How Everyone Became Depressed: The Rise and Fall of the Nervous Breakdown by EDWARD SHORTER
Author:EDWARD SHORTER
Language: eng
Format: mobi, pdf
Tags: Psychology, Clinical Psychology, Medical, General, Psychiatry, History
ISBN: 9780199948086
Publisher: OUP USA
Published: 2013-03-01T00:00:00+00:00
The Big Run-Up in Depression Begins
C arried aloft by the two great wings of neurotic depression and mixed anxiety-depression, from the 1920s on the frequency of diagnosed depression soared.

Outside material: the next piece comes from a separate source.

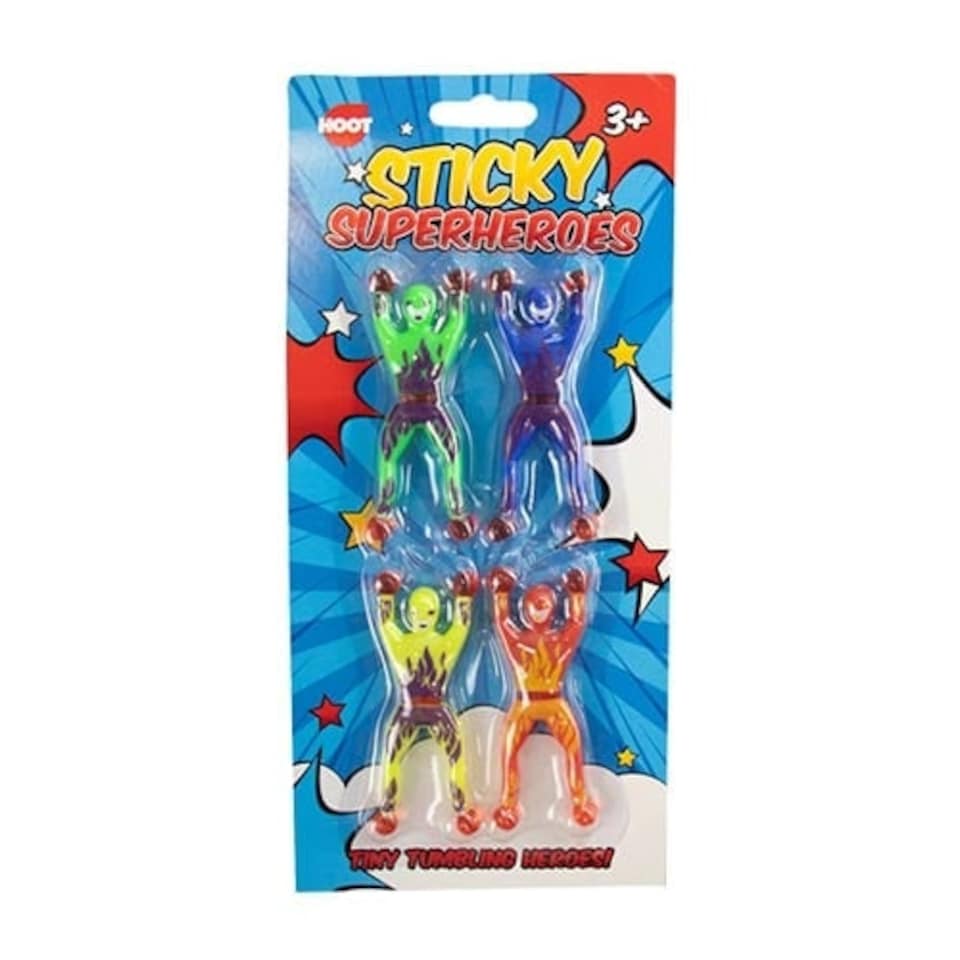 Sticky Superheroes Toys - Pack of 4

A red light: It is unlikely that the frequency of serious depression, which has deep genetic roots in brain biology, ever changes over time. Why would it? Genetic influences shift very slowly, if at all, and there is no reason to think that patients who would have had a positive dexamethasone suppression test—which identifies organicity in melancholia—would be more numerous today than in 1790. A number of clinical observers believe this too, and view claims of an increase in depression with skepticism (although they did not always say this loudly in public, as the pharmaceutical industry had a great deal invested in the idea of an increasing epidemic of depression enveloping us all). Paul Kielholz, professor of psychiatry in Basel who, with his powerful personality, had a great deal to do with spreading the notion of epidemic depression (in forming the International Committee for Prevention and Treatment of Depressive Illness in 1975), was privately of the opinion that serious depression did not change historically. His friend and colleague Raymond Battegay recalled in an interview with David Healy, “Kielholz was always of the opinion that the major depressions remain constant over time because they are predominantly hereditary diseases. What increased were the depressions resulting from a more and more stressful human environment.” 63 Gerald Klerman’s article in 1986 in a volume edited by Munich psychiatry professor Hanns Hippius firmly implanted in the profession the idea that the incidence of depression was increasing (although all he had to go on was the diagnosis of depression.64) Yet ever since the eighteenth century, people have believed that they lived in a stressful environment, and the idea that increasing stress causes increased depression would be comparable to the notion that rising stress in the nineteenth century caused increased nervousness: Certainly doctors were impressed that nerves and stress were always on the rise. But this is meaningless.
As early as World War I, depression became a significant diagnosis. In 1912 the New York Times, in one of its earliest uses of the term depression in connection with suicide, noted the death of Professor Robert Syms in the Manhattan State Hospital of “depressive insanity.” Professor Syms had been ill on several occasions and initially was taken to Bellevue Hospital in Manhattan “suffering from melancholia and mental depression.” 65
Thus did depression begin its strut. In 1926 Farquhar Buzzard spoke at a meeting of the Section of Neurology and Psychology of the British Medical Association. “Dr Buzzard believed that this psychosis [manic-depressive ‘psychosis’] was very common, if not the commonest, mental disorder; it was rarely recognized, except by experts; but its recognition was a matter of great practical importance in relation to prognosis and treatment. It was as common as migraine … ” 66 Today we think migraine afflicts around one in 10 people. That would have made the depression of Emil Kraepelin’s manic-depressive illness common indeed among Buzzard’s upper-middle-class practice.